> [Activity] In the records below, find the line with "İran, Suudi Arabistan" and repeat exactly every line from it through the line with "Bohemian-Chakra-Masseurin Yoga Flyer". Pictures stay out.

> [Data to process]
>>
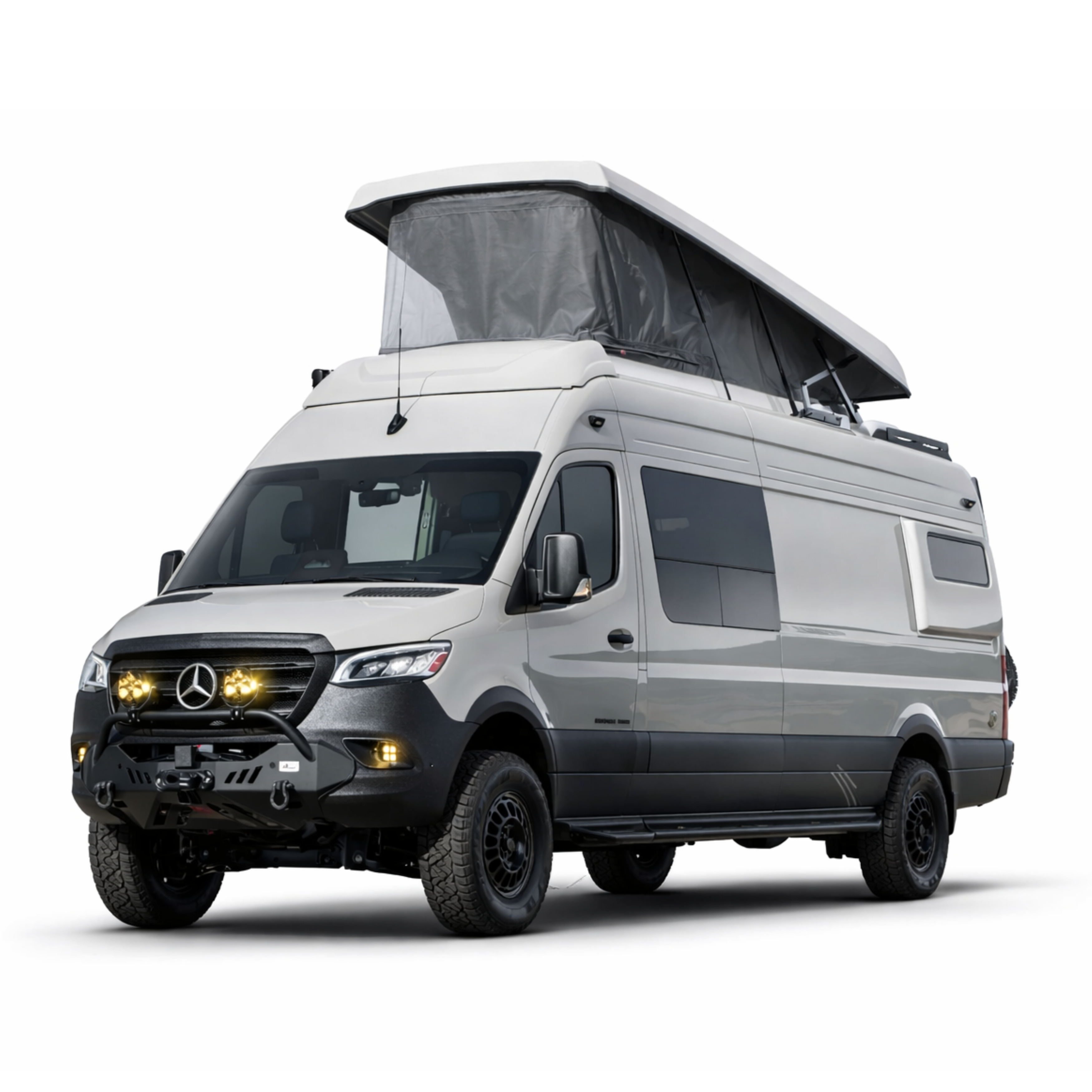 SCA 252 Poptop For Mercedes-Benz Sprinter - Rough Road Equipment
<<
>>
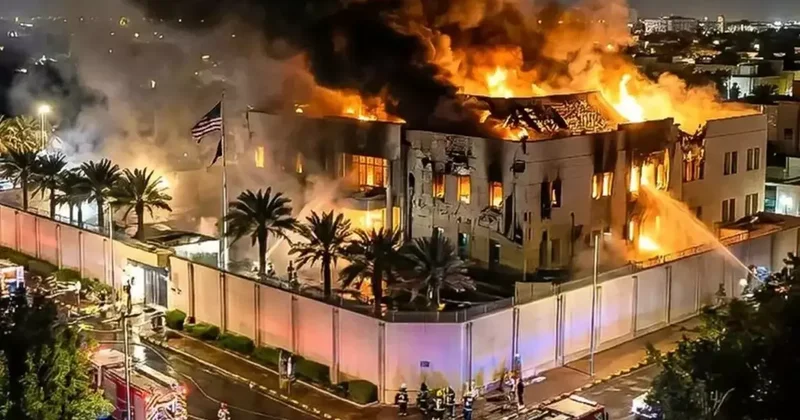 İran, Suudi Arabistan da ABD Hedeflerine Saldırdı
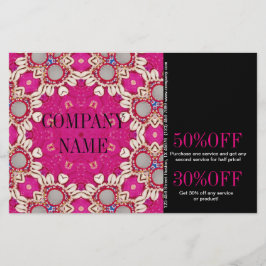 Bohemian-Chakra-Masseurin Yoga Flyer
<<
> [Task solution]
 İran, Suudi Arabistan da ABD Hedeflerine Saldırdı
 Bohemian-Chakra-Masseurin Yoga Flyer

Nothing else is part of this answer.